Alleged multi-million fraud raised fresh questions on how investors were protected

Toronto man charged in alleged $2.5 million investment scam

Police in York Region charged a Toronto man in connection with what they alleged was a multi‑million‑dollar investment scam tied to his company, Equity Line Service Corporation, highlighting ongoing concerns about investor protection in the private capital and alternative‑lending space.

Investigators said the case began in March 2025 when a complainant came forward after investing funds through the suspect in February 2024 and being “promised a return on their investment.” Police alleged the money was not used as agreed.

According to York Regional Police, officers later identified five more complainants who also invested through the same individual.

“It is believed the suspect misappropriated the investment funds from the victims for personal gain,” the service said in a statement.

Police said more than $2.5 million was placed with the suspect, stressing that the allegations has not yet been tested in court.

After what officers described as a lengthy investigation, police charged 40‑year‑old Sergiy Shchavyelyev of Toronto in December 2025 with six counts of fraud over $5,000.

“The investigation is still ongoing and we are putting the male’s photo out because our investigators do believe there are additional victims and encourage them to come forward if they have any similar cases like this one,” Constable Kevin Nebrija told CP24.

Nebrija said officers were “still trying to track exactly where” investors’ money has gone, but believed the funds were diverted for the suspect’s “own financial gain.”

He added that the case served as a reminder that “if something feels too good to be true” investors should “trust your instinct.”
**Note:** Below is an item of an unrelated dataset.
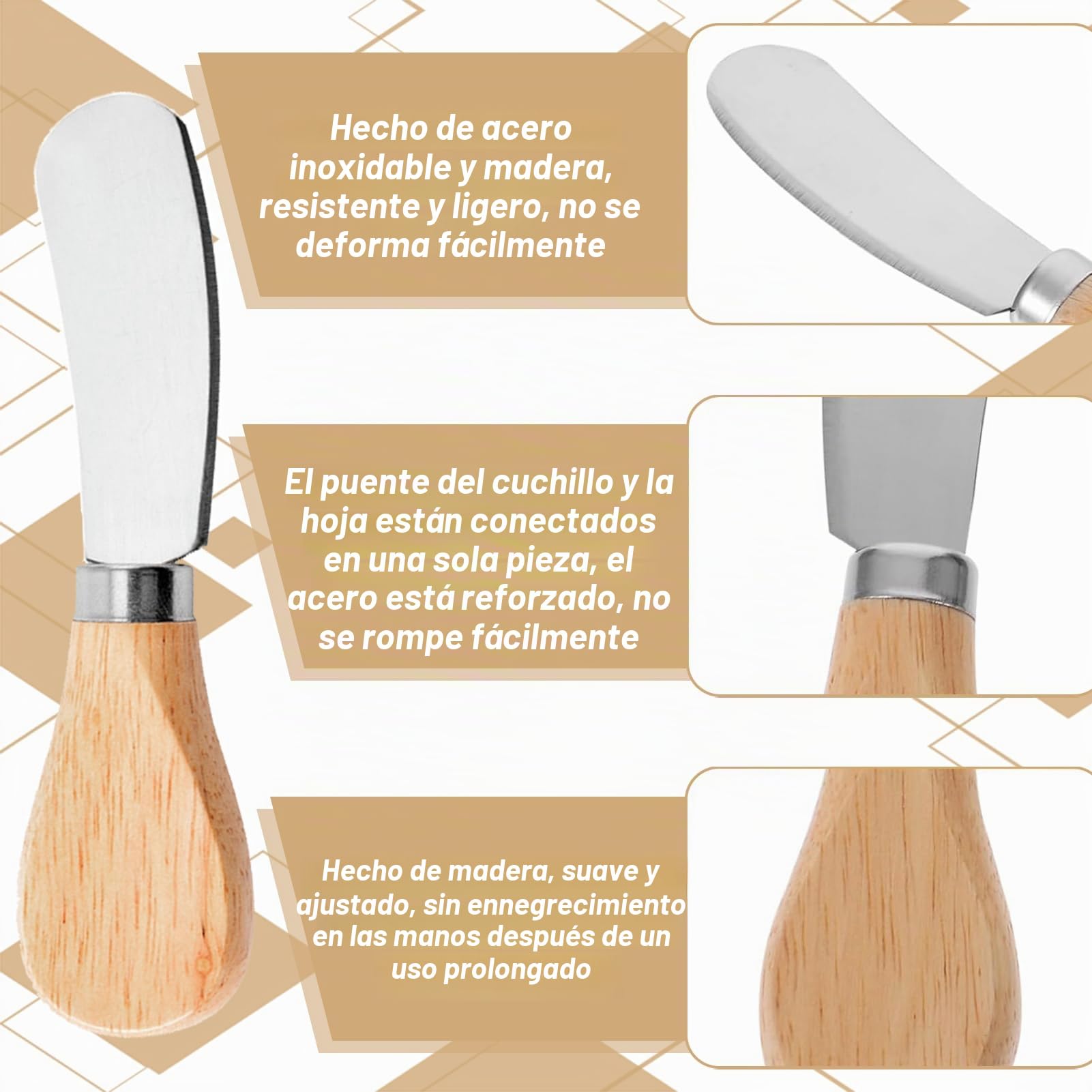 Pcsfoe Cuchillos de Mantequilla de Acero Inoxidable - Set de 6 Cuchillos para Mesa, Queso y Utensilios de Cocina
Growing fraud risks in alternative and mortgage markets

Fraud concerns have been mounting in adjacent corners of the mortgage market.

Ontario’s Financial Services Regulatory Authority warned that private lending remains “more susceptible to consumer and investor harm” in a higher‑rate environment, particularly where transparency around fees and suitability broke down.

Regulators in other provinces also flagged scams in which unlicensed middlemen and related firms allegedly used altered land‑title documents and misleading collateral claims to obtain funds from private lenders – often leaving those lenders exposed when the underlying property or security did not match what has been promised.

Mortgage‑related fraud, including application and title schemes, has been on the rise in recent years, with investigators warning that fraudsters often targeted properties with low or no existing mortgage balances.

Higher rates of application‑level fraud among certain borrower segments reinforcie calls for stronger broker due diligence and income verification.